___ Source data

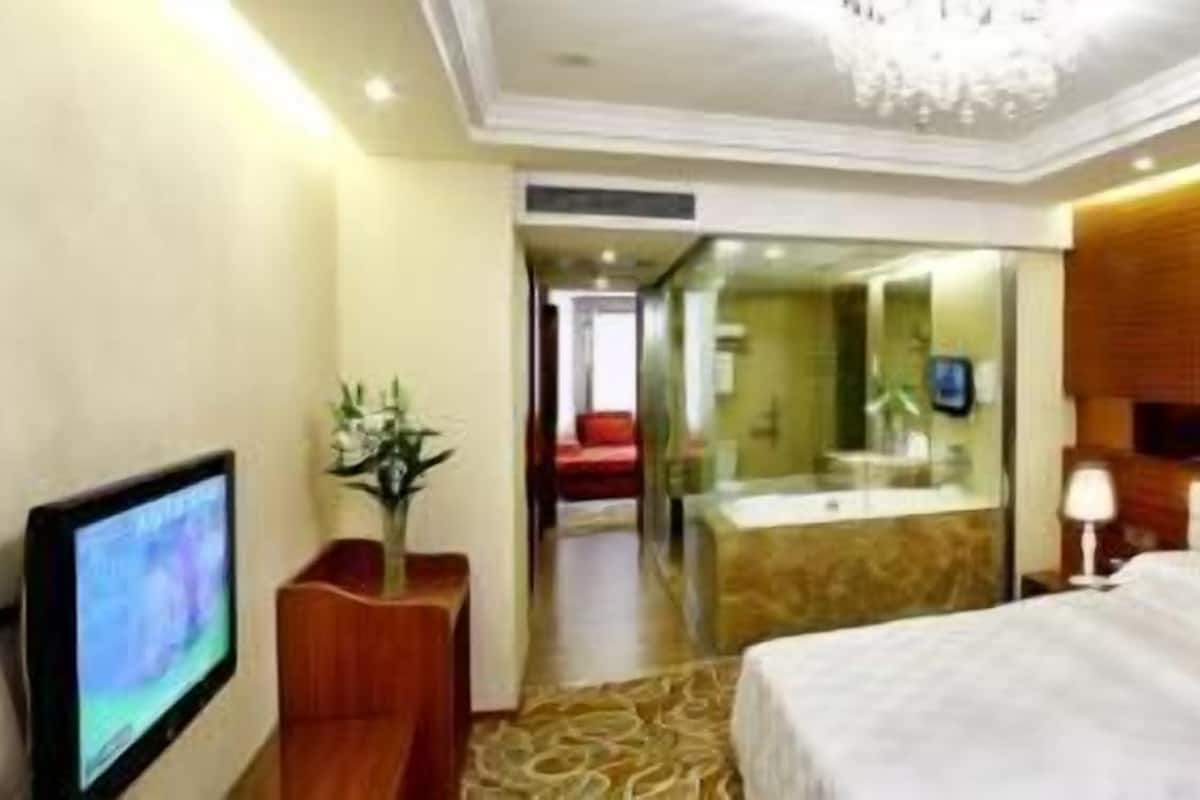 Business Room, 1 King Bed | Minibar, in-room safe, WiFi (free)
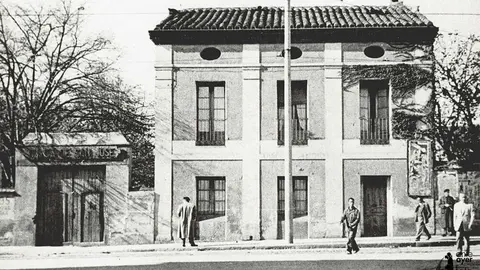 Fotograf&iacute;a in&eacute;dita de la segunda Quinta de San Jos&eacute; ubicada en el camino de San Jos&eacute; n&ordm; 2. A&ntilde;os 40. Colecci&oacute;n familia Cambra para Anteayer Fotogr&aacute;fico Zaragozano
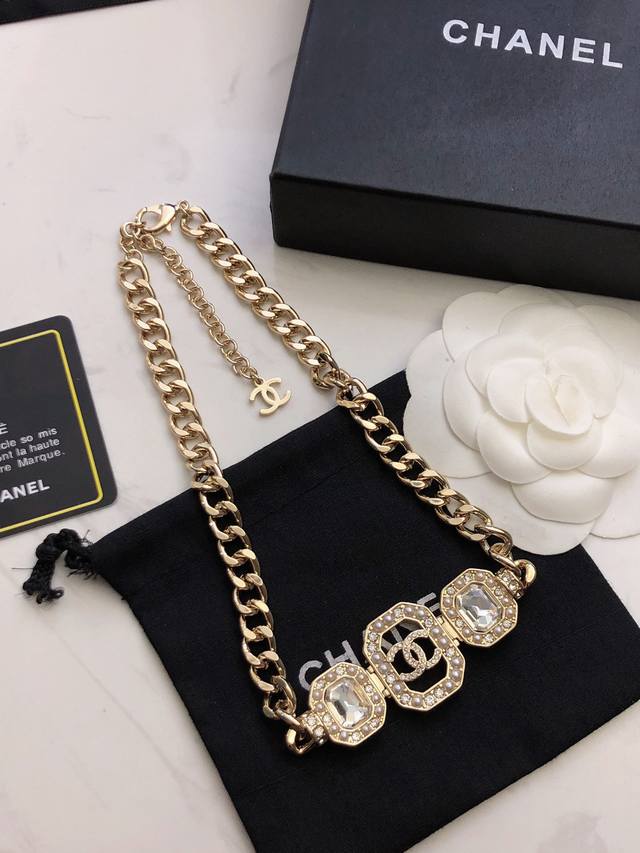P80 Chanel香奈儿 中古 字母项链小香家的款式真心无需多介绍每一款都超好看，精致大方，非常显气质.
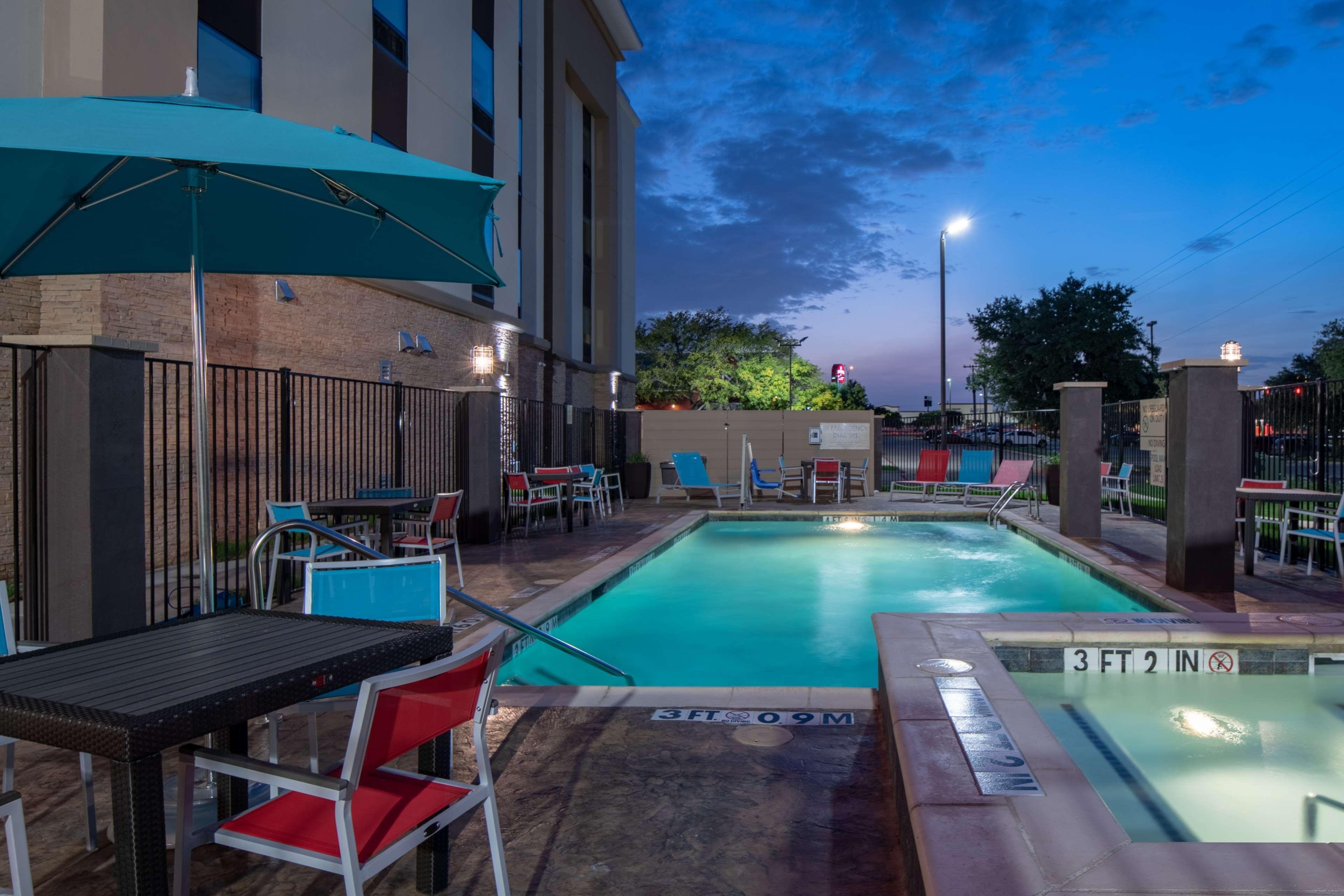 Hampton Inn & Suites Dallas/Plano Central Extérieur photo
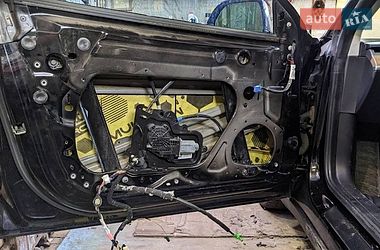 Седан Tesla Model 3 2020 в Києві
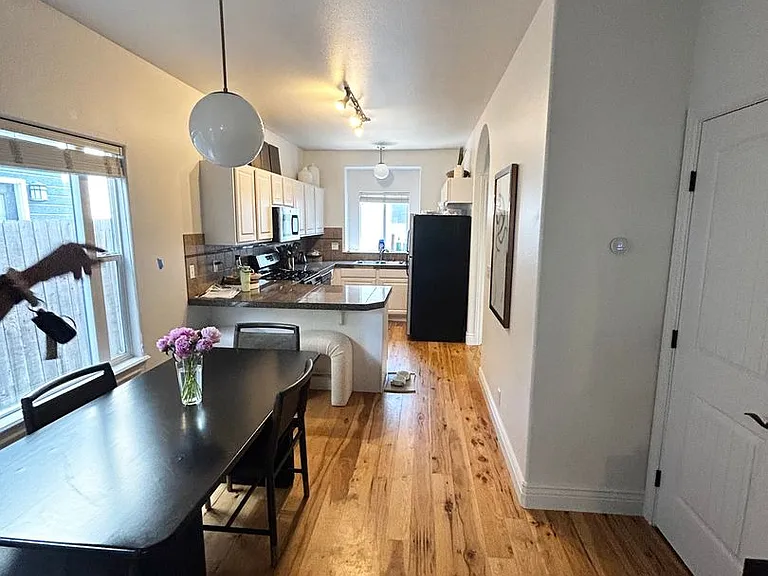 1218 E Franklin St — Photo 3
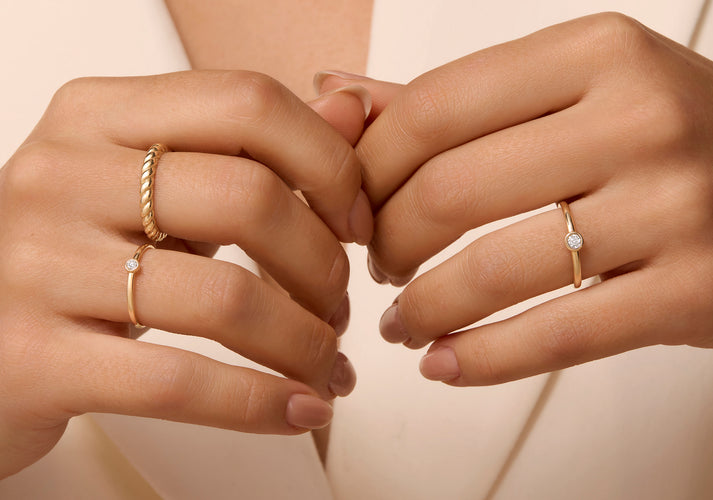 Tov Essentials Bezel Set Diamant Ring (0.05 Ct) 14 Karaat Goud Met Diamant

______
___ Source data

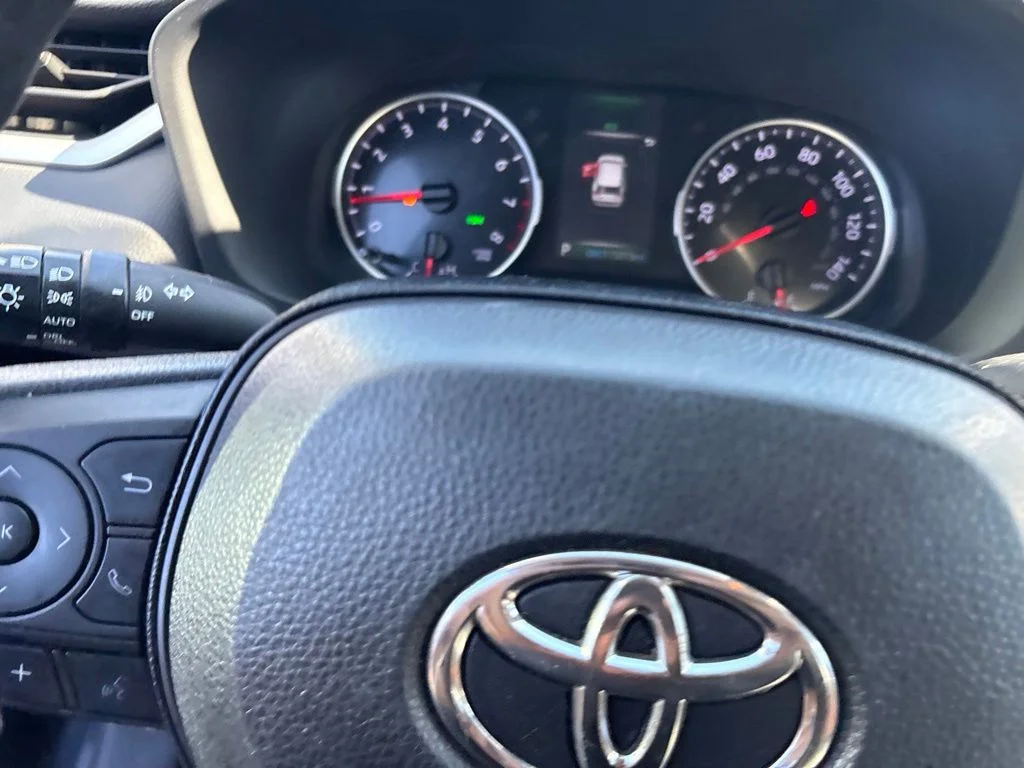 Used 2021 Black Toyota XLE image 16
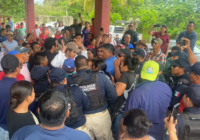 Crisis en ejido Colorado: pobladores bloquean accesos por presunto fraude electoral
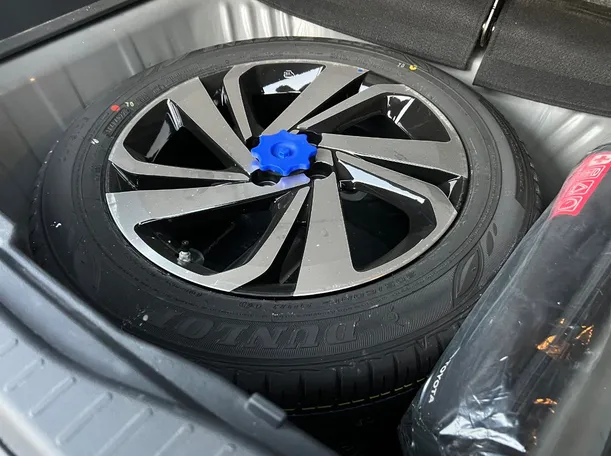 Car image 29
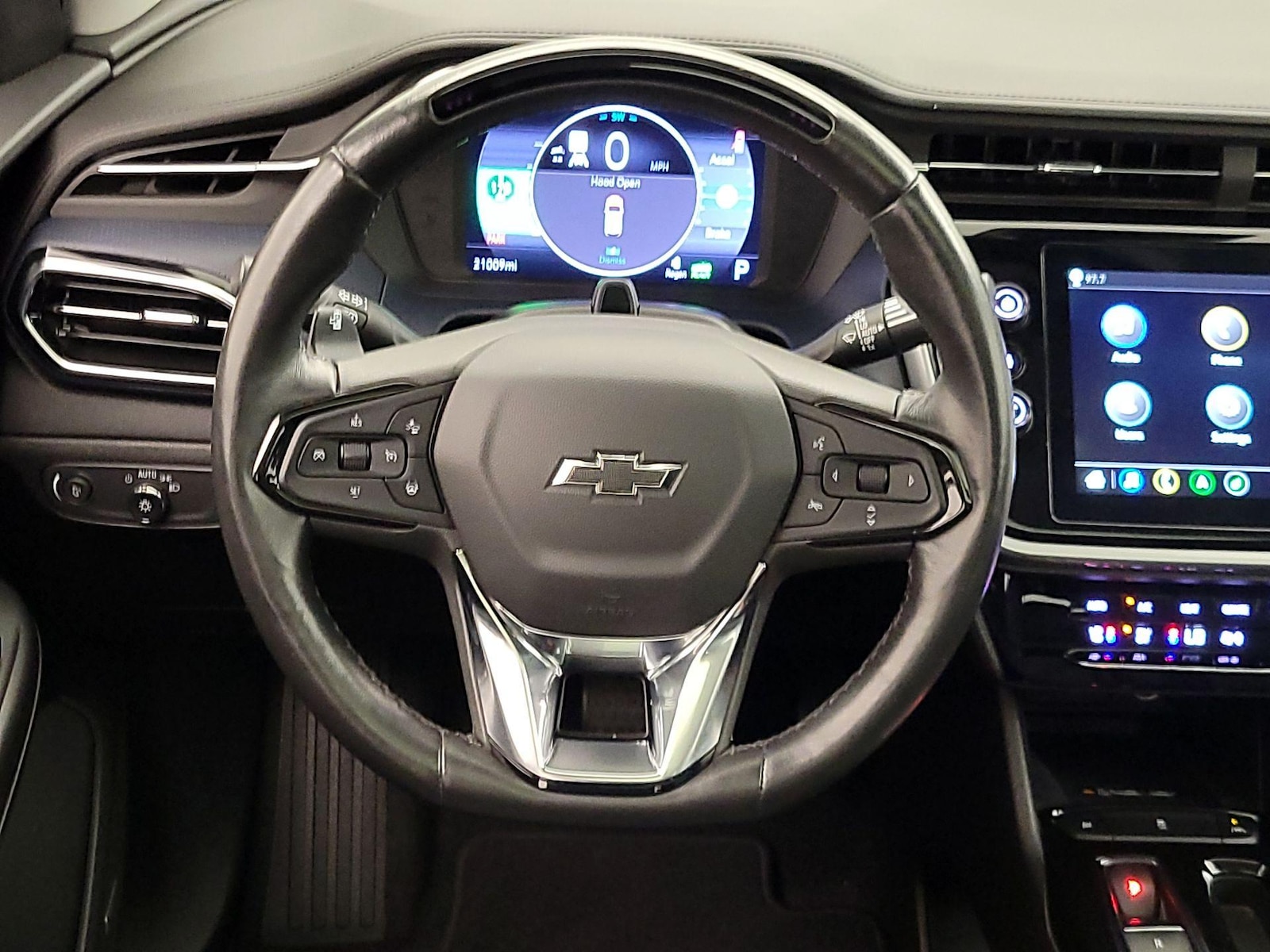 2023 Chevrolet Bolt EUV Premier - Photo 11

______

■ **Instructions to follow**
For this exercise, please set down exactly the lines of the listing above from the line with "1218 E Franklin St — Photo 3" up to and including the line with "Tov Essentials Bezel", and no pictures.

■ **Answer to this exercise**
 1218 E Franklin St — Photo 3
 Tov Essentials Bezel Set Diamant Ring (0.05 Ct) 14 Karaat Goud Met Diamant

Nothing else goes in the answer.